**WHAT IS EXPECTED**
The expected output is the first line of the data below and every line after it, up to and including the line containing "Placeholder", each reproduced exactly.

Records excerpted from a collection
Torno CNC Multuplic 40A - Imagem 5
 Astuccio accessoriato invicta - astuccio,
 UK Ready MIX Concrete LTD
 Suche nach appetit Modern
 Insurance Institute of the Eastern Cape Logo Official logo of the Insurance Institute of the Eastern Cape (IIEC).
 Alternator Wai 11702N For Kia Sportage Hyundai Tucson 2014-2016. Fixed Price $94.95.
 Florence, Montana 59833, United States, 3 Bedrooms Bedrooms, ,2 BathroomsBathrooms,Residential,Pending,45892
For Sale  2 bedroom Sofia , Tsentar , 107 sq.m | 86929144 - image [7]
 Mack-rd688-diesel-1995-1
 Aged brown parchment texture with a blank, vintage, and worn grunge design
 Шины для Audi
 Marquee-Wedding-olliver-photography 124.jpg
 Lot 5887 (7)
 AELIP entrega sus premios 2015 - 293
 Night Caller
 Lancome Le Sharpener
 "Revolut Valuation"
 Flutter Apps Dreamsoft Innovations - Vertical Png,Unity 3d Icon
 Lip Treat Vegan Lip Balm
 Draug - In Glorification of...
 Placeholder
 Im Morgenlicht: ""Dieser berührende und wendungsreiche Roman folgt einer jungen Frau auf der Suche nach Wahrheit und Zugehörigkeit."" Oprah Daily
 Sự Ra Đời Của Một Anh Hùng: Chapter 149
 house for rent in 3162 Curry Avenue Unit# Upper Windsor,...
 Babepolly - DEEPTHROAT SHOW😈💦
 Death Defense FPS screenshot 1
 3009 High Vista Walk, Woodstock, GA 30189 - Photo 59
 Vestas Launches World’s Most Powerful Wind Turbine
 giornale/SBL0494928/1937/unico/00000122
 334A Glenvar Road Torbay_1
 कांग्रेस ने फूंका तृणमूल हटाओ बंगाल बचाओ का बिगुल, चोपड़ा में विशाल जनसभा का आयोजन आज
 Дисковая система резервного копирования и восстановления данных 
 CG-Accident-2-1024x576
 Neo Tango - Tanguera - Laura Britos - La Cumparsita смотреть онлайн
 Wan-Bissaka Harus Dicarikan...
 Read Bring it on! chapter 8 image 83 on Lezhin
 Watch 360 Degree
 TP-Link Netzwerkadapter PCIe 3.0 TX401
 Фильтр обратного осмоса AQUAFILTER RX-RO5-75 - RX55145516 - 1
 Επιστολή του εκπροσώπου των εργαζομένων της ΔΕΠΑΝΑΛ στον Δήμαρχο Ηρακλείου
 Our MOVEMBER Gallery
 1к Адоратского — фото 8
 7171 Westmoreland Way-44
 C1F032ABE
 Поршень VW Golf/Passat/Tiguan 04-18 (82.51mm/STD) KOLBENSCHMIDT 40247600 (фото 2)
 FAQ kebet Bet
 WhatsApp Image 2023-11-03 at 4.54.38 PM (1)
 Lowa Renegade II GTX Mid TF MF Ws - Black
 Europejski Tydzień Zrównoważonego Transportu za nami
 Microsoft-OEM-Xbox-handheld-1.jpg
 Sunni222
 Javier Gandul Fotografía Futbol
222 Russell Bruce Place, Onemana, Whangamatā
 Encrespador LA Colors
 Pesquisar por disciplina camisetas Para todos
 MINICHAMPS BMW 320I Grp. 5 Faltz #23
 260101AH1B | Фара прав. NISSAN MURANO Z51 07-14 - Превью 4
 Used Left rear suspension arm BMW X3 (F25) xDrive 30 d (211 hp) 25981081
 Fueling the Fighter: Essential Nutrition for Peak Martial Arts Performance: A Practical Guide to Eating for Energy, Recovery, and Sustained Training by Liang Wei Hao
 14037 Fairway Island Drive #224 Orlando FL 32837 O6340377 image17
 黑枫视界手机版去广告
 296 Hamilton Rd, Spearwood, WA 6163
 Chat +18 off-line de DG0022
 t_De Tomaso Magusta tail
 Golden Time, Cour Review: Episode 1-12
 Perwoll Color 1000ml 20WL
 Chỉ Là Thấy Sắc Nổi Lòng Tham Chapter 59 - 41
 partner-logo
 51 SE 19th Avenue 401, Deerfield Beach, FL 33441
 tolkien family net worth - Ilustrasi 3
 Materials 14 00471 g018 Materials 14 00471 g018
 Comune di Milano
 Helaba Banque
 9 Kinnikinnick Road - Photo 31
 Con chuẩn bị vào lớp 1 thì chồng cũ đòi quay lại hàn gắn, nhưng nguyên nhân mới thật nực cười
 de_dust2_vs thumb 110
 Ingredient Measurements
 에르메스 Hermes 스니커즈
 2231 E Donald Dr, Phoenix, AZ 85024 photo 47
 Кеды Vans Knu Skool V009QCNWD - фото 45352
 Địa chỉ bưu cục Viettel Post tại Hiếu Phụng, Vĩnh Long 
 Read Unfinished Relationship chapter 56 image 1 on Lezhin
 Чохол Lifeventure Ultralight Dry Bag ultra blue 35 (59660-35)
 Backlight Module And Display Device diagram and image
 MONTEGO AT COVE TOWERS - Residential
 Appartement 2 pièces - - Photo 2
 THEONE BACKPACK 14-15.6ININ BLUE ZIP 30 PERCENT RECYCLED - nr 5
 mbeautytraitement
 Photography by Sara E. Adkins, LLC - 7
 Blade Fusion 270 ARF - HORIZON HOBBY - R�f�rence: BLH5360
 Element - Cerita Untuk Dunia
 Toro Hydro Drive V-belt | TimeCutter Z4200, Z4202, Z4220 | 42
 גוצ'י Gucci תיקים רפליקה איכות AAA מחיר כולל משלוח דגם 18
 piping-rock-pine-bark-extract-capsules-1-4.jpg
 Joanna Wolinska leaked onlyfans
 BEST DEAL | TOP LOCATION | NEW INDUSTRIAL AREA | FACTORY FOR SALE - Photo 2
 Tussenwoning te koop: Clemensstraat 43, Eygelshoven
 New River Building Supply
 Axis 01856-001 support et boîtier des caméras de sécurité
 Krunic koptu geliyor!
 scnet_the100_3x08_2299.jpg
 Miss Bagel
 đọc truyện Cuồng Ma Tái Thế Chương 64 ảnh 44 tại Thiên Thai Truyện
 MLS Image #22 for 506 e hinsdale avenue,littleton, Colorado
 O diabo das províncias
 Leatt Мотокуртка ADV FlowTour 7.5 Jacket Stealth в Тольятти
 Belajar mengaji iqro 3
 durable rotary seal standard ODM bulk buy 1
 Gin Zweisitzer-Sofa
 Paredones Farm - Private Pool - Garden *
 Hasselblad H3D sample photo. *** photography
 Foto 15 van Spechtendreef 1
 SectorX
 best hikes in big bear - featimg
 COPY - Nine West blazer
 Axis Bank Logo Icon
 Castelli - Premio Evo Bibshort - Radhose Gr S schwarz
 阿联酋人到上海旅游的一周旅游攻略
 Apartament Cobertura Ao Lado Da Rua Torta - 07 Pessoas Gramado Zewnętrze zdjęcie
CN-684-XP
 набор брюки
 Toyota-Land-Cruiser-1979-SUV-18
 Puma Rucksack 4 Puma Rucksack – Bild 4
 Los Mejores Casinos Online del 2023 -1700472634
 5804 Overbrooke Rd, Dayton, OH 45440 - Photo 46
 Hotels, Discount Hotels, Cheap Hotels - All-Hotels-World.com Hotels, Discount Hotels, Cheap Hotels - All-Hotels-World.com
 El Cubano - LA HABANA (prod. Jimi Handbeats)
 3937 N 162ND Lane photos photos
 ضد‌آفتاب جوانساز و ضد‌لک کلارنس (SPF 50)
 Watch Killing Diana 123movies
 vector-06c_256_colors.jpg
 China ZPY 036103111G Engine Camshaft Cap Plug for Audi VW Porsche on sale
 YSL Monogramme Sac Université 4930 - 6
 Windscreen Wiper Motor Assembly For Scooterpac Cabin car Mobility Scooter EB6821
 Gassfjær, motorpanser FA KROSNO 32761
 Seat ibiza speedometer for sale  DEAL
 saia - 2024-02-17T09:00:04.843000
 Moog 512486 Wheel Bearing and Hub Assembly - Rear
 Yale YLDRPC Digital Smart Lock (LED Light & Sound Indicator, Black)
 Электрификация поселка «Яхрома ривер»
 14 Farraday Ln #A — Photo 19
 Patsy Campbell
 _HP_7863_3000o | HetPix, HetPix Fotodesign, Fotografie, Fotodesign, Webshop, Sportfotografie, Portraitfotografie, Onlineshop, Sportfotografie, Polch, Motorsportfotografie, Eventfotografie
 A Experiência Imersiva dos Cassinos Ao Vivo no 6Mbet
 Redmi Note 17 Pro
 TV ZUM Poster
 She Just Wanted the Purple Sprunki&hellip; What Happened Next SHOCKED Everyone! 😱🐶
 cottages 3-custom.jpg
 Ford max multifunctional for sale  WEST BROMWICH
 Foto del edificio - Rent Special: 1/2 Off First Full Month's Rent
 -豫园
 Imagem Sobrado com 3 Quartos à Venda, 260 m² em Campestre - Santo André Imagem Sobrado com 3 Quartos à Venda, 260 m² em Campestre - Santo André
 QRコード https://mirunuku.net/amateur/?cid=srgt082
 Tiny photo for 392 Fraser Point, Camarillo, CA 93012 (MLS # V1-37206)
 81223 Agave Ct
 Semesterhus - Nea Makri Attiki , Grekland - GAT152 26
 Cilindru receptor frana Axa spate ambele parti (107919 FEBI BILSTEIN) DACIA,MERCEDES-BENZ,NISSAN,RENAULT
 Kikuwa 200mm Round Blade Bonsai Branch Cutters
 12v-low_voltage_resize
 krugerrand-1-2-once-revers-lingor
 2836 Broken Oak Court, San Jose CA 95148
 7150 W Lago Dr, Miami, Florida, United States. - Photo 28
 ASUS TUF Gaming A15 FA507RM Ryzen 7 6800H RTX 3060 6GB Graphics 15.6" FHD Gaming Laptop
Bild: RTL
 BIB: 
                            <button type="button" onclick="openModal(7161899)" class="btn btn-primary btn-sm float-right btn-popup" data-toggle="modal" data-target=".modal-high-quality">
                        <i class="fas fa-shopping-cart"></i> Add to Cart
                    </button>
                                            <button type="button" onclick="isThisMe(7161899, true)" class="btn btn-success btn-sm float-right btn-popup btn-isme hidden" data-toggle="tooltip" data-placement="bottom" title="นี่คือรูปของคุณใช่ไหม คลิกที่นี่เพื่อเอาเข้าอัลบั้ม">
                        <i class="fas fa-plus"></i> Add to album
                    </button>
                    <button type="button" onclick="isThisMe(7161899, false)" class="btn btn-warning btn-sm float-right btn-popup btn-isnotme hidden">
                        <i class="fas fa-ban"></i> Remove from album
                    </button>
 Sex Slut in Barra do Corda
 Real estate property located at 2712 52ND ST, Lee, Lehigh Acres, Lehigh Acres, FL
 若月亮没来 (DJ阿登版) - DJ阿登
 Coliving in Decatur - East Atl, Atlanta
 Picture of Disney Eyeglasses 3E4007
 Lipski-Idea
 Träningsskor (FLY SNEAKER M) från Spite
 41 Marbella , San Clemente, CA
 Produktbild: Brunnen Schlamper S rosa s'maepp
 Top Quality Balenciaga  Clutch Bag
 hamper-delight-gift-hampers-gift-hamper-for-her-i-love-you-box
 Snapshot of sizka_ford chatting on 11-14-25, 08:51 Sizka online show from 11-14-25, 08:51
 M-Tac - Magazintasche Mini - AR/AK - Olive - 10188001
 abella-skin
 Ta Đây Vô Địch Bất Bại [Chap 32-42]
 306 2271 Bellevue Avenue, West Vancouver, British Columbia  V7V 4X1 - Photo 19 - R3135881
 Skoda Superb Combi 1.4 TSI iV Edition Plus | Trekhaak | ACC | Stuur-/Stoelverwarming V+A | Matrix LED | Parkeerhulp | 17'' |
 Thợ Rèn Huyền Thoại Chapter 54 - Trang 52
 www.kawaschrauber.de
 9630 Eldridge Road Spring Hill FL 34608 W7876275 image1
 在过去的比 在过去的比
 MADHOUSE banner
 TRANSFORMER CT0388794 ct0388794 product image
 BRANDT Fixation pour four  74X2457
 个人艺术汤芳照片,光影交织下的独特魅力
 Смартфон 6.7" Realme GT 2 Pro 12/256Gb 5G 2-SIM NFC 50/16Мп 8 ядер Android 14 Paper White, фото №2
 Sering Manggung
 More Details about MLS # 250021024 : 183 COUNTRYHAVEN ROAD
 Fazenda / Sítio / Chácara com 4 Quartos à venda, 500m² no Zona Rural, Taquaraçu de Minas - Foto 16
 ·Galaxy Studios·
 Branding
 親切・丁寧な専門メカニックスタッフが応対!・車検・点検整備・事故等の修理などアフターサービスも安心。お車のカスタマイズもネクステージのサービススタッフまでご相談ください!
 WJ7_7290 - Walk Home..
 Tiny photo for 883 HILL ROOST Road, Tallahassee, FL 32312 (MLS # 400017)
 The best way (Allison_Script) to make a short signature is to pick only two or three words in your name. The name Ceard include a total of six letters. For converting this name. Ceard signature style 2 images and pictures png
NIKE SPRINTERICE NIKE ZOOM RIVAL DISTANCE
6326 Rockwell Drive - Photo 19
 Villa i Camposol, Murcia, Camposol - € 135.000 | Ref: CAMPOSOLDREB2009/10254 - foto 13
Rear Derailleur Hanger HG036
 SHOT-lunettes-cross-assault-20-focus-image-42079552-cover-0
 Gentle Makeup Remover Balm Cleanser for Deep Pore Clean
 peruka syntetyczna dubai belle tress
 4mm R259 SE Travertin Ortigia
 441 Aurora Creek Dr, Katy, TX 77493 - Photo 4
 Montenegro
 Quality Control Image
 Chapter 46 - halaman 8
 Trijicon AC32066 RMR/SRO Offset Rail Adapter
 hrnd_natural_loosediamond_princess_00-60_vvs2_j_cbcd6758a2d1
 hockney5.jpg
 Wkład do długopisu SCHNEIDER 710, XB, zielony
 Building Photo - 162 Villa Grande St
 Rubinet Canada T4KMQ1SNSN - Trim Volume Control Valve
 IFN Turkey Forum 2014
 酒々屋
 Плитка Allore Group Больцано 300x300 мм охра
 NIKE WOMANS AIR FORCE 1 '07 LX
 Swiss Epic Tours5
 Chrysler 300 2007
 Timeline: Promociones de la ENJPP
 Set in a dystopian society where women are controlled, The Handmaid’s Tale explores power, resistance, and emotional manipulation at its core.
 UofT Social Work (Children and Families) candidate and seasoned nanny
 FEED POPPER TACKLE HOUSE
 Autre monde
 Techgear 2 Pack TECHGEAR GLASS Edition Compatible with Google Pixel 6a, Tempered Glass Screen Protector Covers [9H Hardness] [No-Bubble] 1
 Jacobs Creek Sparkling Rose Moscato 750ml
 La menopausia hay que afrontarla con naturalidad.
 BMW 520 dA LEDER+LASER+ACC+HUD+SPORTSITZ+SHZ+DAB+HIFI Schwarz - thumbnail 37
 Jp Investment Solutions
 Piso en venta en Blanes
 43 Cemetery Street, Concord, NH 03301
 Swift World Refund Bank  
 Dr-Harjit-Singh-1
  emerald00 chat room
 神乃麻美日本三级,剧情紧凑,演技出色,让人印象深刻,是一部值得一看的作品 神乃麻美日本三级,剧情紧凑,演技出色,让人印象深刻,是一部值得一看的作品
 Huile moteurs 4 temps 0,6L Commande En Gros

**RESULT**
Torno CNC Multuplic 40A - Imagem 5
 Astuccio accessoriato invicta - astuccio,
 UK Ready MIX Concrete LTD
 Suche nach appetit Modern
 Insurance Institute of the Eastern Cape Logo Official logo of the Insurance Institute of the Eastern Cape (IIEC).
 Alternator Wai 11702N For Kia Sportage Hyundai Tucson 2014-2016. Fixed Price $94.95.
 Florence, Montana 59833, United States, 3 Bedrooms Bedrooms, ,2 BathroomsBathrooms,Residential,Pending,45892
For Sale  2 bedroom Sofia , Tsentar , 107 sq.m | 86929144 - image [7]
 Mack-rd688-diesel-1995-1
 Aged brown parchment texture with a blank, vintage, and worn grunge design
 Шины для Audi
 Marquee-Wedding-olliver-photography 124.jpg
 Lot 5887 (7)
 AELIP entrega sus premios 2015 - 293
 Night Caller
 Lancome Le Sharpener
 "Revolut Valuation"
 Flutter Apps Dreamsoft Innovations - Vertical Png,Unity 3d Icon
 Lip Treat Vegan Lip Balm
 Draug - In Glorification of...
 Placeholder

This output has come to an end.